Larkspur poisoning can also cause abdominal pain, colic, and diarrhea. To prevent larkspur poisoning, it’s important to remove any larkspur plants from your pasture or hayfield.
These are just a few of the many plants that can be toxic to horses. To ensure your horse’s safety, it’s important to familiarize yourself with the plants that can be toxic to horses and take steps to keep them away from your horse. Taking the time to educate yourself can help you keep your horse safe and healthy.
Ingestion of any of these toxic plants into horses can cause serious health problems including colic, paralysis, digestion issues, overworking of saliva glands, and even death. It is important to be aware of the plants that are poisonous to horses. Take steps to prevent them from accessing these plants.
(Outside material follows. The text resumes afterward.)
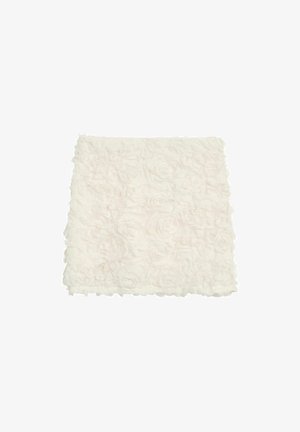 White decorative throw with a textured design, featuring raised fabric roses and a soft, fluffy appearance.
One of the best ways to prevent horses from eating poisonous plants is to keep them in a pasture that is free of these plants. If you are unsure of what plants are poisonous to horses, you can consult with a local veterinarian or agricultural extension office. Additionally, there are a number of resources available online that can provide you with information on poisonous plants for horses with pictures. Visit them for effective horse care feeding tips.